Die Bestimmung, die der Bundestag im Sommer gerade noch als letztes Gesetz der Schröder-Regierung verabschiedete und kurz darauf auch der Bundesrat mit Schützenhilfe der FDP absegnete, zieht zwar Grenzen bei den Informationsansprüchen – etwa zum Schutz "internationaler Beziehungen". Dass unter diese Klausel die CIA-Akten fallen könnten, hält Tauss aber für fraglich.

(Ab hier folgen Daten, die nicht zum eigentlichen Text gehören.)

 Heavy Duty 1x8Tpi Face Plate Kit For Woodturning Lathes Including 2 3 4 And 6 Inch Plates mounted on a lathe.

Der medienpolitische Sprecher der SPD-Bundestagsfraktion gelobte, beim Ausreizen des Gesetzes mit gutem Beispiel voranzugehen. "Ich will die Mautverträge sehen", kündigte er unter Applaus der Hackergemeinde an. Ein entsprechendes Auskunftsbegehren werde er gleich nach Neujahr als "ersten wunderbaren Testfall" für die Reichweite der Regelung stellen. Tauss, selbst langjähriges Mitglied beim Chaos Computer Club (CCC), könnte dabei jedoch auf Granit beißen: Seine Fraktion hat mit dafür plädiert, betriebs- und personenbezogene Daten sowie Geschäftsgeheimnisse vor der Neugier der Bürger oder der Konkurrenz zu schützen. Bezeichnenderweise hatte die Union, die gegen das Gesetz stimmte, bereits bei der 1. Lesung des Entwurfs die damalige Bundesregierung vergeblich aufgefordert, endlich die Verträge mit Toll Collect zur Lkw-Maut offen zu legen. Nun soll es die Große Koalition richten.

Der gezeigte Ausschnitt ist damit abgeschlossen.